La dispersión del voto entre las tres derechas, su desbocado enfrentamiento entre ellas y la sucesión de despropósitos y proclamas de algunos de sus candidatos están dejando al PSOE un amplio terreno por ocupar en el centro; en especial, claro está, en lo que hasta hace apenas un año todavía fue el campo de unos Ciudadanos que se proclamaban del centro-izquierda y de la socialdemocracia, pero que ahora no solo se manifiestan sino que incluso colaboran institucionalmente con la derecha extrema de Vox.

Otro tanto sucede, sin duda con menor intensidad, en el flanco izquierda, con Unidas Podemos desnortadas y sin la capacidad de arrastre demostrada desde su todavía reciente irrupción en nuestro universo político institucional. Con una evidente fatiga de materiales, unos enfrentamientos internos tan infantiles como cainitas, una incapacidad manifiesta para reconocer los errores propios y unas supuestas urgencias históricas que están en la base de casi todas sus equivocaciones estratégicas, deberán esforzarse en plantar cara a los vientos adversos y recuperar cuanto puedan del apoyo perdido, aunque para ello deberán enfrentarse a la lógica tendencia al voto útil progresista, estimulada sin duda por el temor a una Santa Alianza de las tres derechas.
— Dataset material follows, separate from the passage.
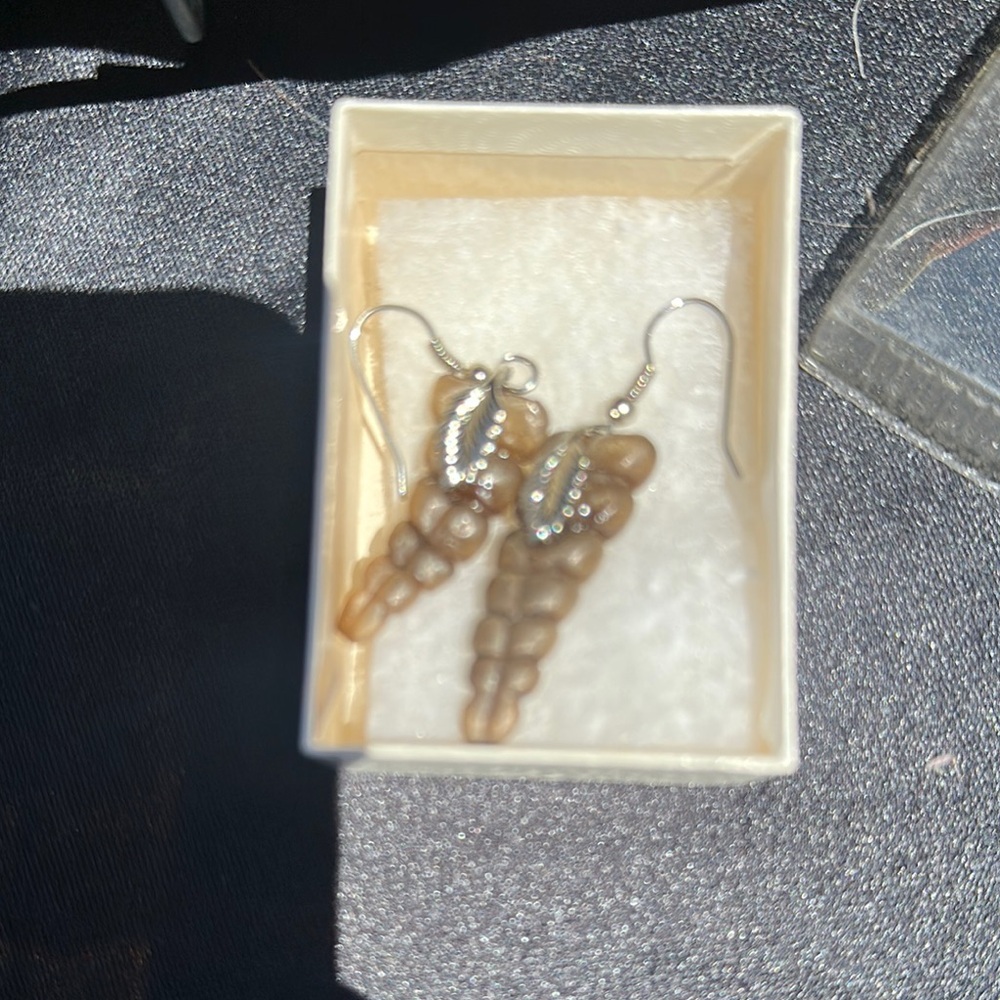 Elegant Rattle snake Rattler Brown Earrings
Algo muy similar les sucede a las formaciones representantes del secesionismo catalán. Se enfrentan ahora al reto de intentar salir del atolladero en el que ellas mismas se sumieron al impedir que el gobierno socialista de Sánchez pudiera aprobar los Presupuestos Generales del Estado. Encalladas ambas en sus propias pulsiones de pugnas internas, con un calendario en el que se mezclan tanto el gran juicio al procés en el Tribunal Supremo como las posteriores elecciones municipales y europeas, ERC y PDeCAT, o como sea ahora el nombre bajo el que se presente lo poco que queda de la antigua CiU, han dejado un hueco político, el del catalanismo político moderado y pactista, que abre otro terreno en el que el PSC puede recuperar gran parte del voto perdido durante estos últimos años.

Dicho todo esto, se equivocaría el PSOE, y con él también el PSC, si diese ya el oso por cazado. Es mucho el terreno político vacío por los errores ajenos, pero este terreno puede seguir vacío o pasar a ser ocupado. Para que pueda ser ocupado es imprescindible la recuperación plena de la autonomía del proyecto socialista, con un programa inequívocamente socialdemócrata y de progreso económico y social, de recuperación de derechos y libertades, de claros avances en políticas de regeneración política, de promoción de la igualdad, de lucha contra el maltrato infantil y de género, de combate efectivo contra el cambio climático, de profundización del actual sistema autonómico hacia un proyecto federal, de una asunción real de la pluralidad cultural y lingüística de la España de ahora.